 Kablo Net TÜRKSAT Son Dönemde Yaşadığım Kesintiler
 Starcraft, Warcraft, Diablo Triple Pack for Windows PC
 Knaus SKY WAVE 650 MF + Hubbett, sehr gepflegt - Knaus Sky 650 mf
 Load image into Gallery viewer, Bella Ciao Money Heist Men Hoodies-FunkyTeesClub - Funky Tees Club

---

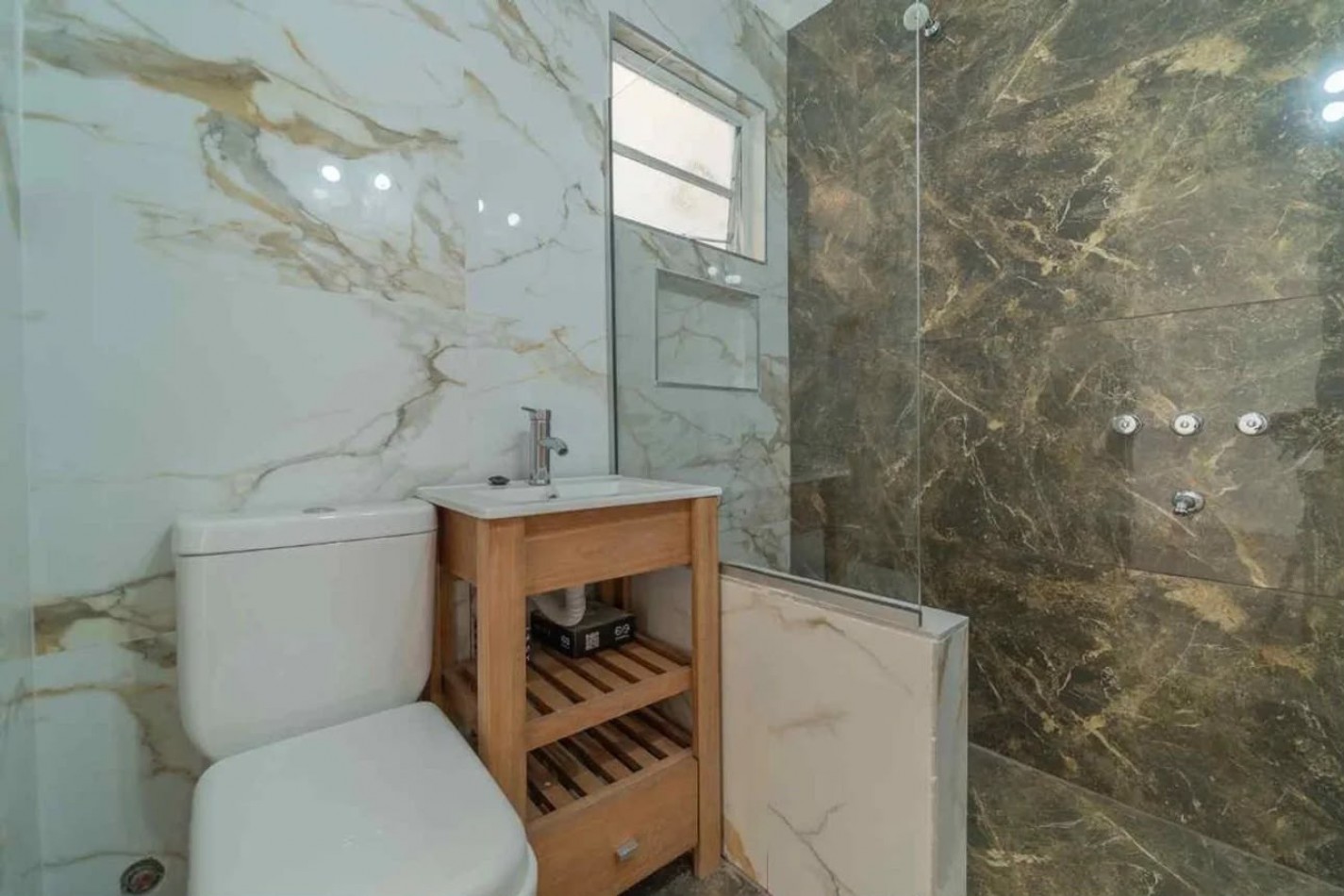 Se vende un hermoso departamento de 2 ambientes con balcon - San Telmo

» YOUR OBJECTIVE: Look back at the entries above. Retype the line with "Kablo Net TÜRKSAT", the line with "Load image into", and all lines in between.

» RESPONSE BOX:
 Kablo Net TÜRKSAT Son Dönemde Yaşadığım Kesintiler
 Starcraft, Warcraft, Diablo Triple Pack for Windows PC
 Knaus SKY WAVE 650 MF + Hubbett, sehr gepflegt - Knaus Sky 650 mf
 Load image into Gallery viewer, Bella Ciao Money Heist Men Hoodies-FunkyTeesClub - Funky Tees Club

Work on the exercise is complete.